*** Opening of TASK INPUTS ***

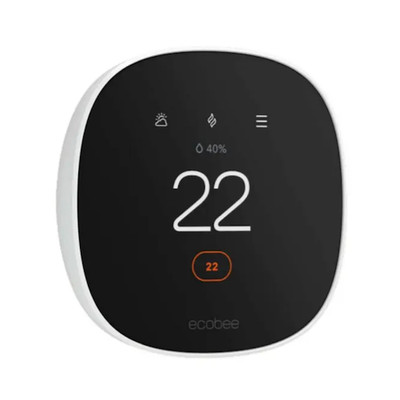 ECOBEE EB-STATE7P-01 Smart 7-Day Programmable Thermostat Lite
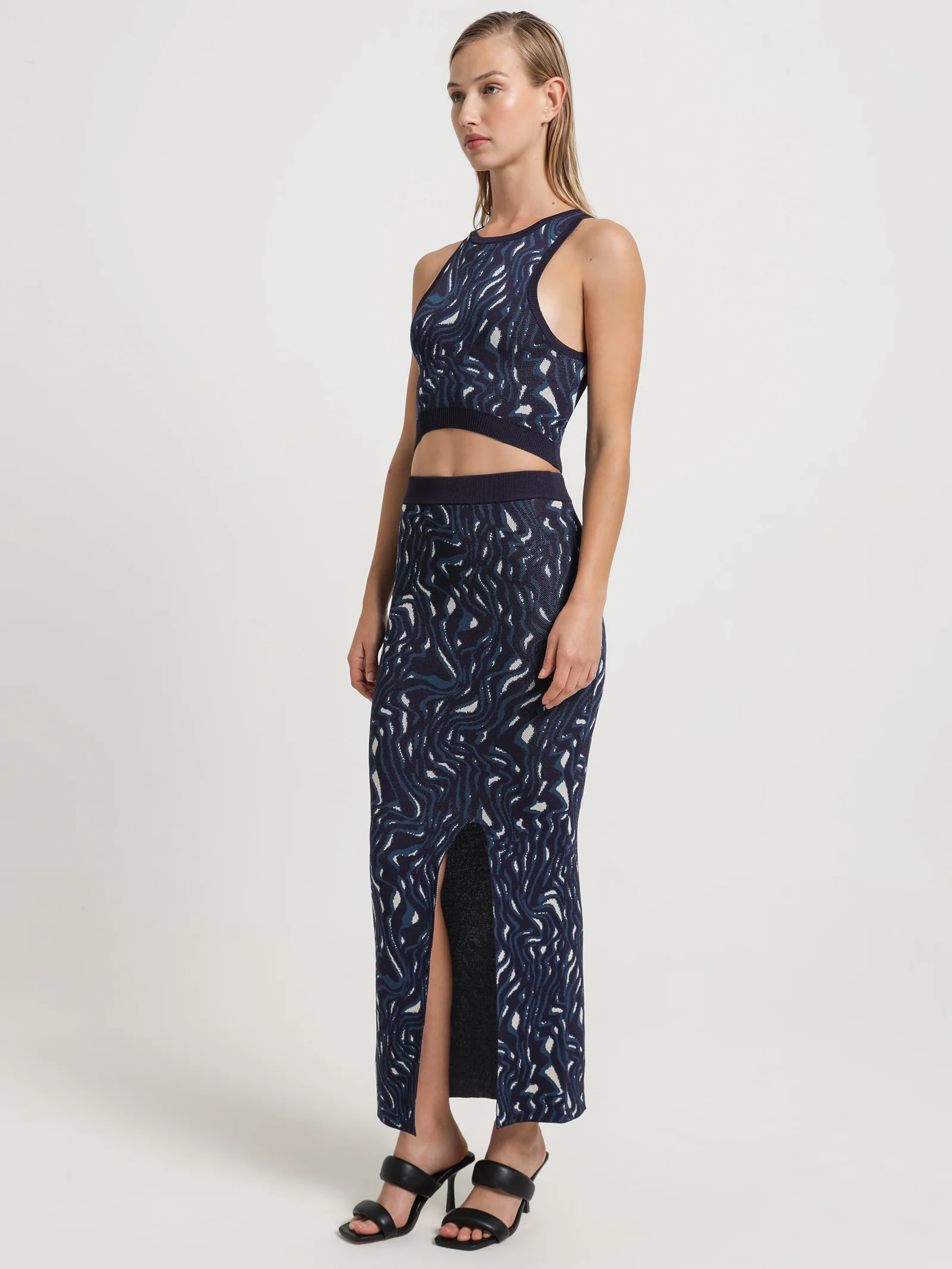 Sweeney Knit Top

*** Close of TASK INPUTS ***
*** Opening of TASK INPUTS ***

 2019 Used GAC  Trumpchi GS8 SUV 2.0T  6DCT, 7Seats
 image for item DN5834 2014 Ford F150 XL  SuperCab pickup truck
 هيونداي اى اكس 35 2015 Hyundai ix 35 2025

*** Close of TASK INPUTS ***
*** Opening of TASK INPUTS ***

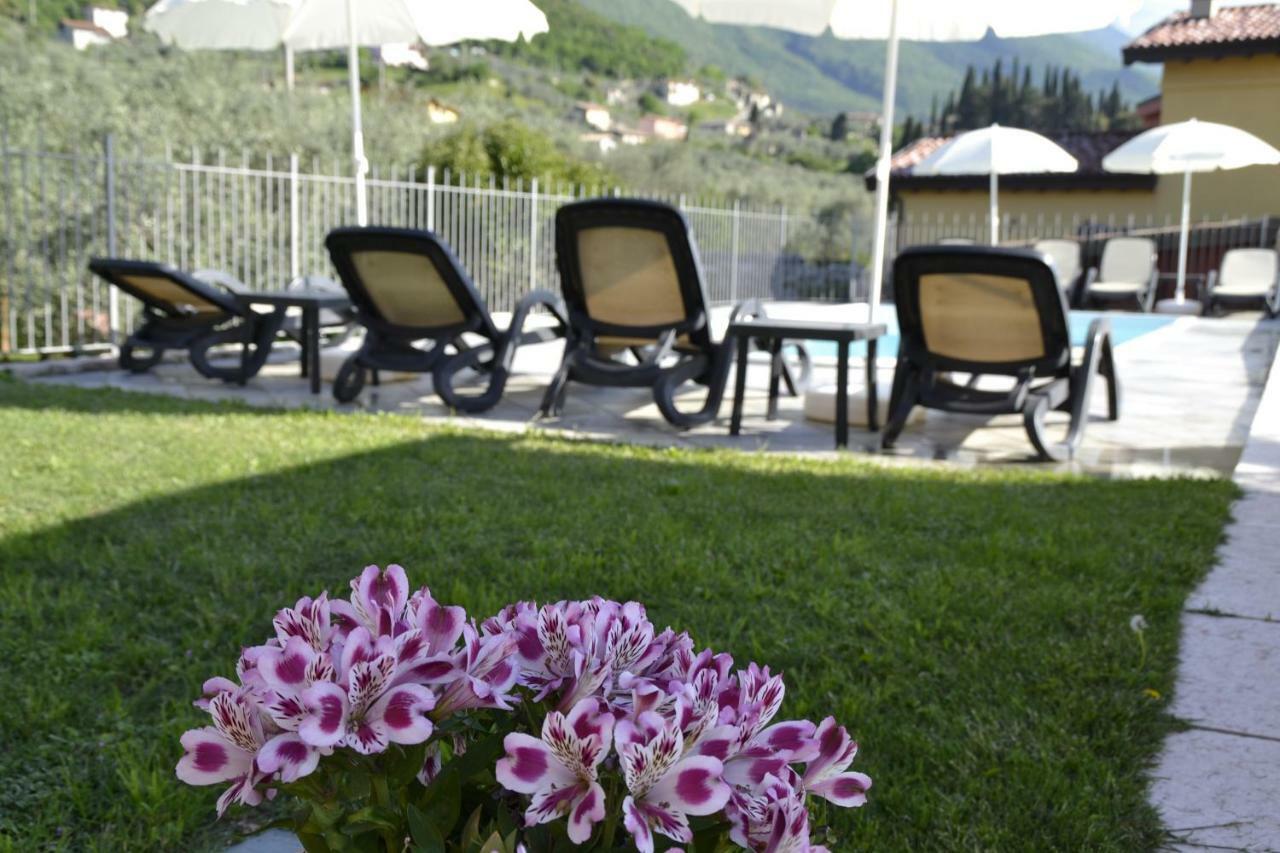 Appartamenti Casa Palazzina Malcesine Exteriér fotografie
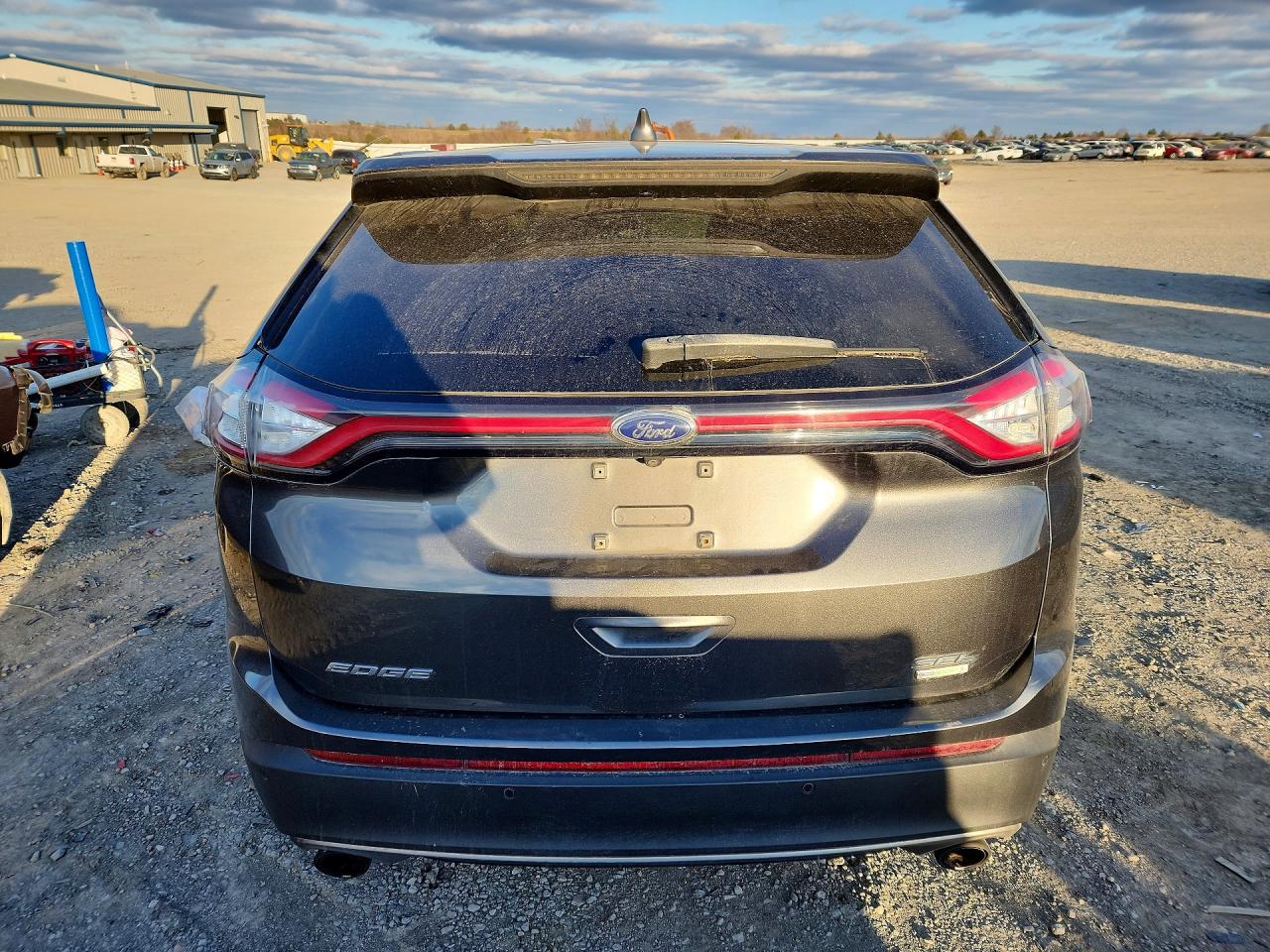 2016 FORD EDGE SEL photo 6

*** Close of TASK INPUTS ***

ABOUT THIS TASK =>
The lines above from the one with "2019 Used GAC" through the one with "هيونداي اى اكس 35 2015 Hyundai ix 35 2025" are to be duplicated exactly, ends included, with nothing added.

YOUR SOLUTION =>
 2019 Used GAC  Trumpchi GS8 SUV 2.0T  6DCT, 7Seats
 image for item DN5834 2014 Ford F150 XL  SuperCab pickup truck
 هيونداي اى اكس 35 2015 Hyundai ix 35 2025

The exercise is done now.